Collected data:
==*==
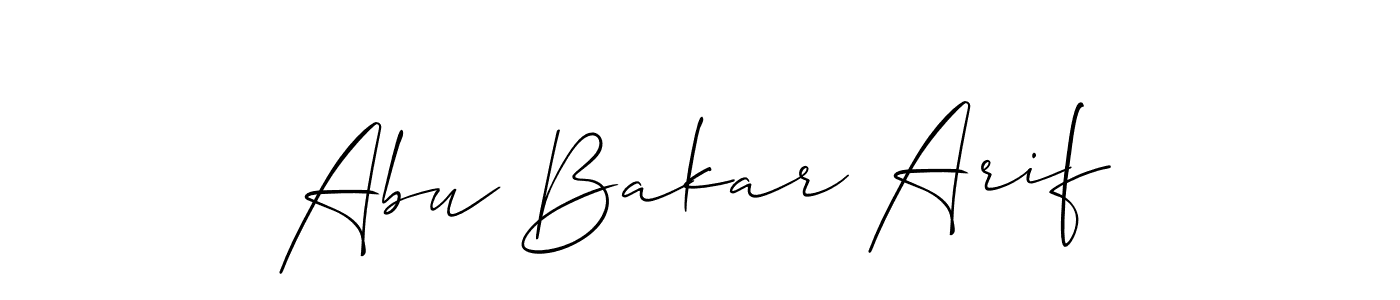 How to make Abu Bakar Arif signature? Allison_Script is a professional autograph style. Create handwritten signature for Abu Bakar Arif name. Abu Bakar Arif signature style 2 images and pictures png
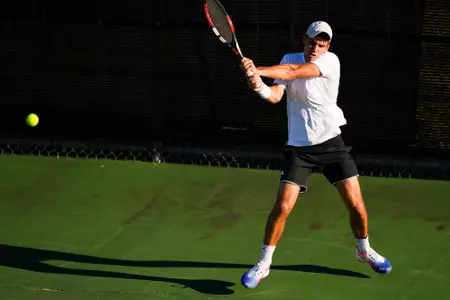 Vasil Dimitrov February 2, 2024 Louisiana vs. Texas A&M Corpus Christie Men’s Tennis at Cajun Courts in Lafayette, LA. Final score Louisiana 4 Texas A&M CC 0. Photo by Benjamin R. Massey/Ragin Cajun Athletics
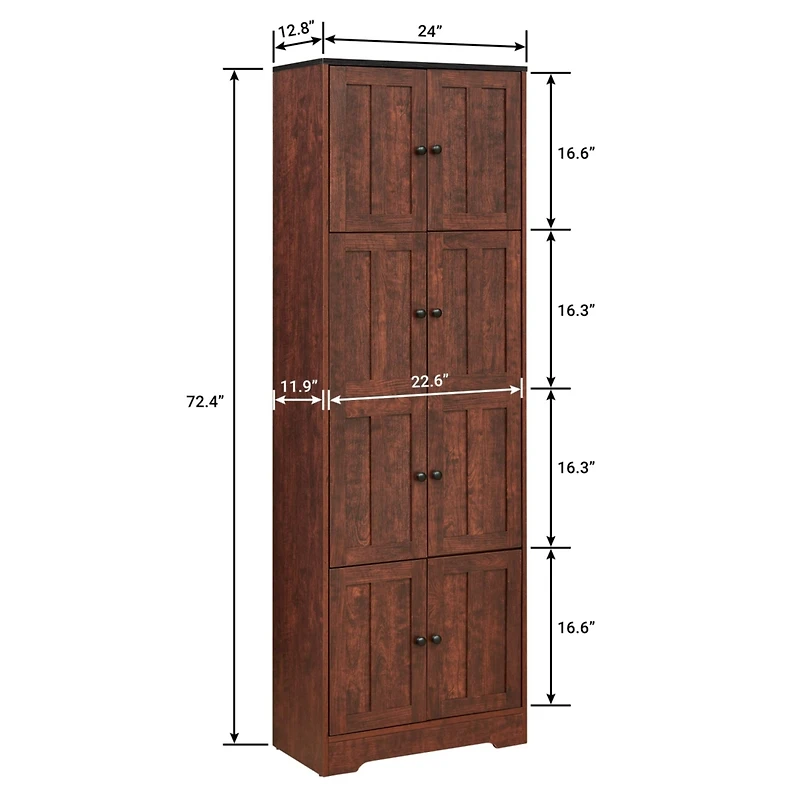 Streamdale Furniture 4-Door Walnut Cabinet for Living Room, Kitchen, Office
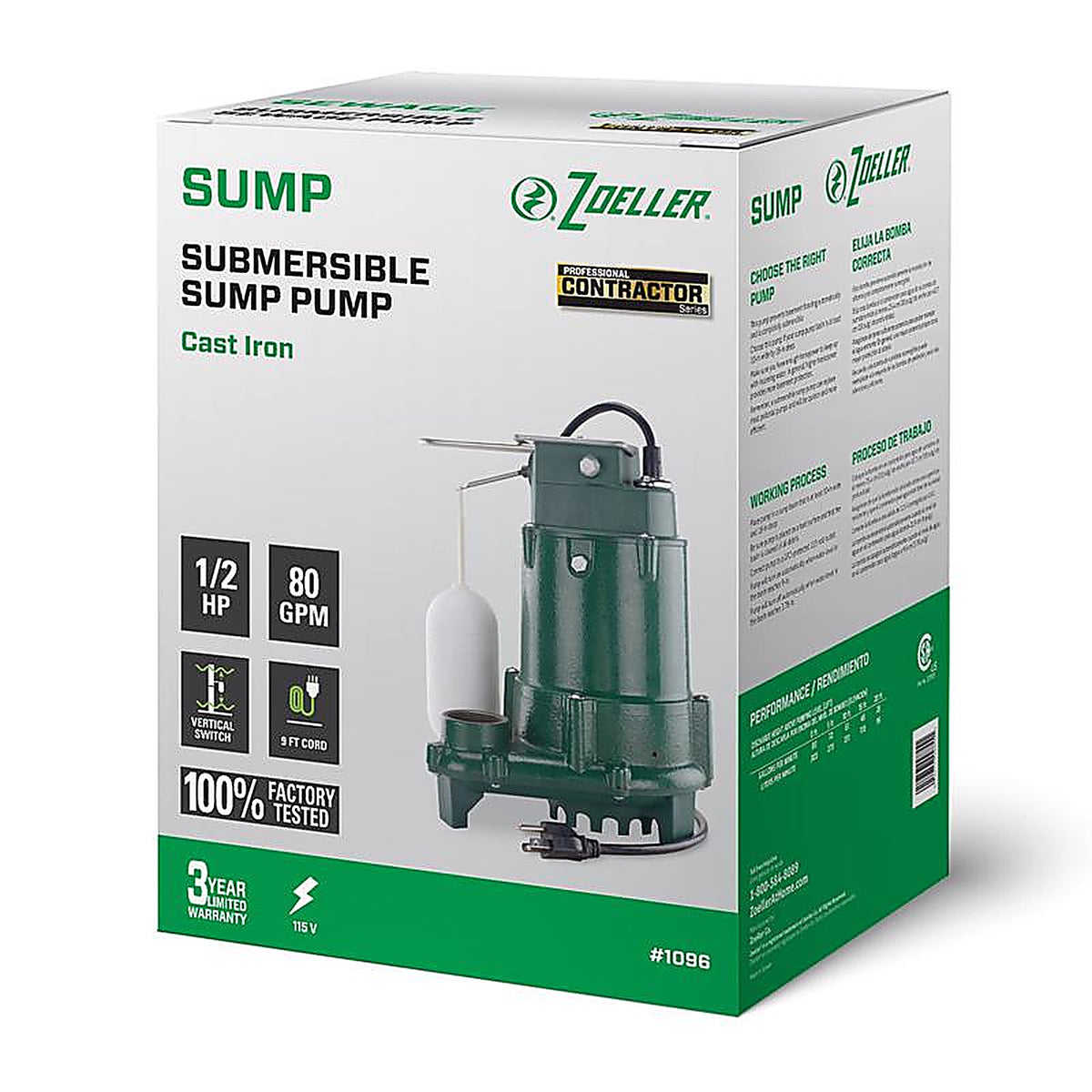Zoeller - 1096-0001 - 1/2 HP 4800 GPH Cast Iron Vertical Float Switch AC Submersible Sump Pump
==*==
Task prompt: Retype all of the data above word for word, excluding the pictures.

Exercise result:
 How to make Abu Bakar Arif signature? Allison_Script is a professional autograph style. Create handwritten signature for Abu Bakar Arif name. Abu Bakar Arif signature style 2 images and pictures png
 Vasil Dimitrov February 2, 2024 Louisiana vs. Texas A&M Corpus Christie Men’s Tennis at Cajun Courts in Lafayette, LA. Final score Louisiana 4 Texas A&M CC 0. Photo by Benjamin R. Massey/Ragin Cajun Athletics
 Streamdale Furniture 4-Door Walnut Cabinet for Living Room, Kitchen, Office
Zoeller - 1096-0001 - 1/2 HP 4800 GPH Cast Iron Vertical Float Switch AC Submersible Sump Pump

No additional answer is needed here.